As DJIA has pushed substantially above the high range of that chart (not because of a massive global economic boom or peace, but because of unprecedented easy monetary policy), I have again raised the floor on my initial forecast. The end game still is in play and the means to the end has only been elevated to account for this new easy money world. We still expect some tough sledding over the next few years in the market.

When I first made my super boom forecast in May 2010 in this space DJIA was around 10,000, unemployment was quite high, the great recession was barely in the rearview, and global debt was a new and growing concern. So my prediction that the Dow would reach 38820 by 2025 seemed absurd to many when we announced it. That came as no surprise—all bold predictions are first lambasted before proven true. This super boom is not only plausible, but mathematically and historically within reason. Now that DJIA is above 18,000 it looks even more credulous.
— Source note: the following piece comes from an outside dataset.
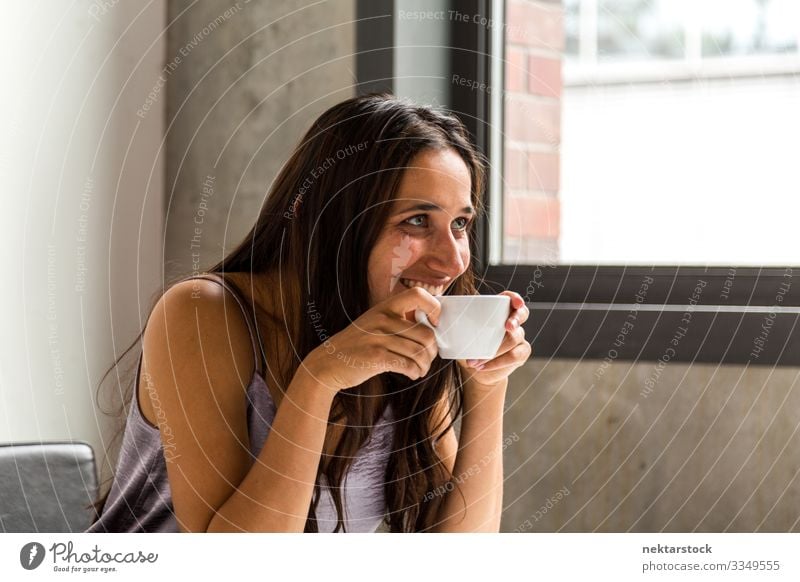 Young woman having a coffee break in office. Side view. Coffee Tea Work and employment Profession Workplace Office Woman Adults Youth (Young adults) Smiling Sit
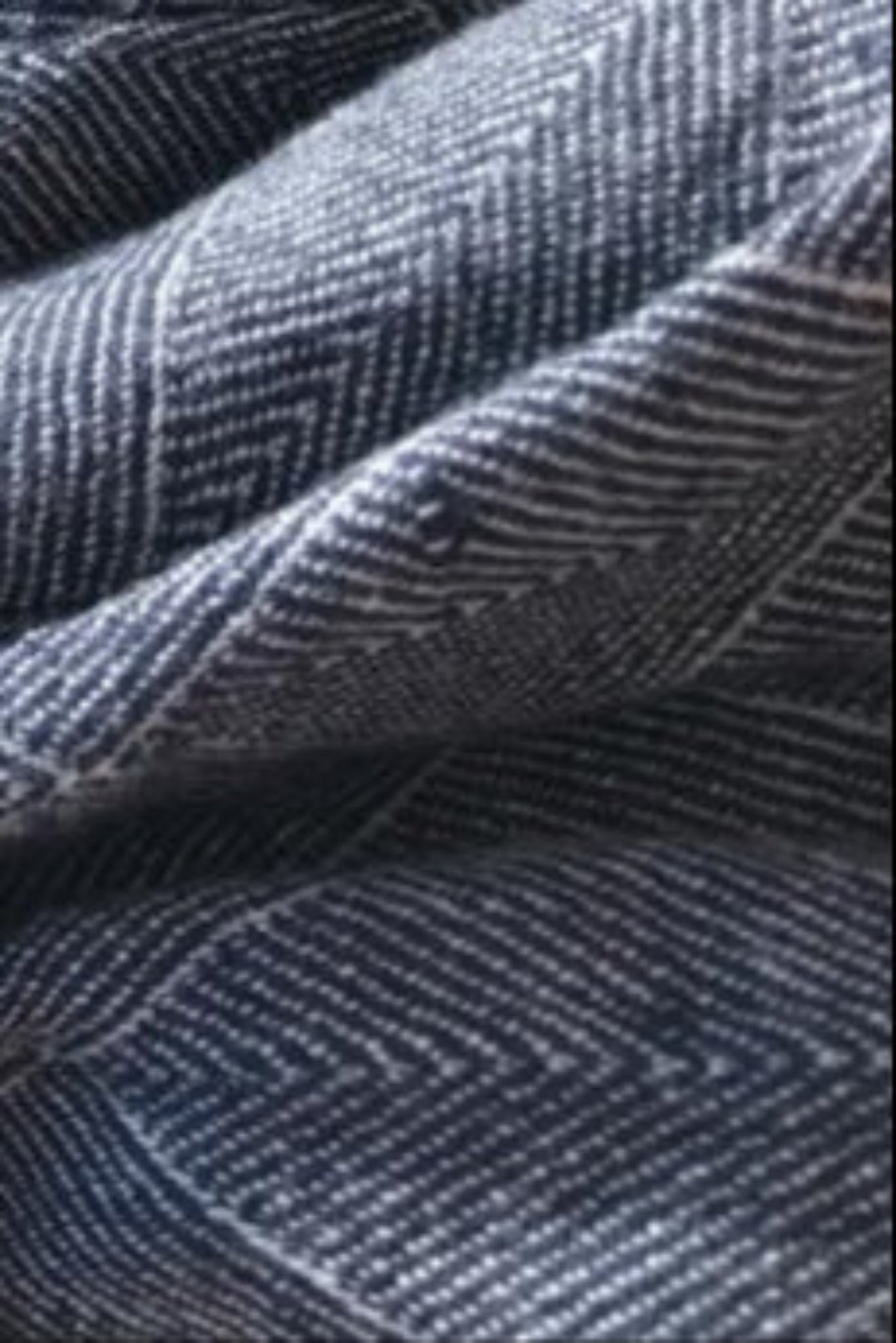 Close-up of blue denim fabric with a herringbone pattern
As for the next Super Boom already being underway, we are not convinced just yet. The low point of the economy and the bottom of the stock market now clearly appear to be behind us. But other factors have yet to align. The war on terror is still raging, a paradigm shifting technology has yet to emerge and inflation is subdued. Sorry, but 3D Printing and Fracking are not likely to change the world for the individual consumer like the car or the PC did. CPI has risen just 34% since 2001. We are still plagued by political dysfunction and the next administration is likely to have a rather tough go of it before we can get back to some real bipartisan leadership and policy initiatives.

This projection was based upon nearly 50 years of research and analysis into stock market cycles, patterns and seasonality. When I drew it in March 2011, I anticipated that the market would at least challenge its previous all-time highs before failing and falling to a low in midterm election year 2014 and another low in 2017-2018 before the next super boom truly began. That was based upon a projected high of 14,000 and an above-average bear market loss approaching -40%. 

I used the final cyclical bear markets of the last secular bears ending in 1921, 1949, and 1982 along with the long-term support level around 8,000 from the post-9/11 lows, through the 2002 and 2008-2009 bear markets as the basis for the potential magnitude of this decline. Now that DJIA has exceeded the high end of my range, the 2018 midterm low is likely to be higher, likely in the DJIA 14,000-15,000 range or a 20-30% decline from expected high point levels. The purple line in the chart below illustrates the updated forecast.

Now for the good news. While we are projecting a garden variety bear market of -20-30% to bottom sometime in the 2016-2018 timeframe, early signs of the end of the secular bear and coming Super Boom have begun to materialize presently. The commodity secular bull market since 2000 is beginning to wane and even the 30-year bull market in bonds that began near the end of the last secular bear for stocks in 1980-82 looks to be finally fading. 

In addition, new market leaders are rising to the top and we may get our next paradigm shifting culturally enabling technology from Biotech, Healthcare or perhaps robotics or alternative energy. But that remains to be seen. Either way, continue to let your winners ride and enjoy this bull while it lasts, Just be prepared for gains to be less easy to come by over the next few years while the stage is set for the Next Super Boom and secular bull market.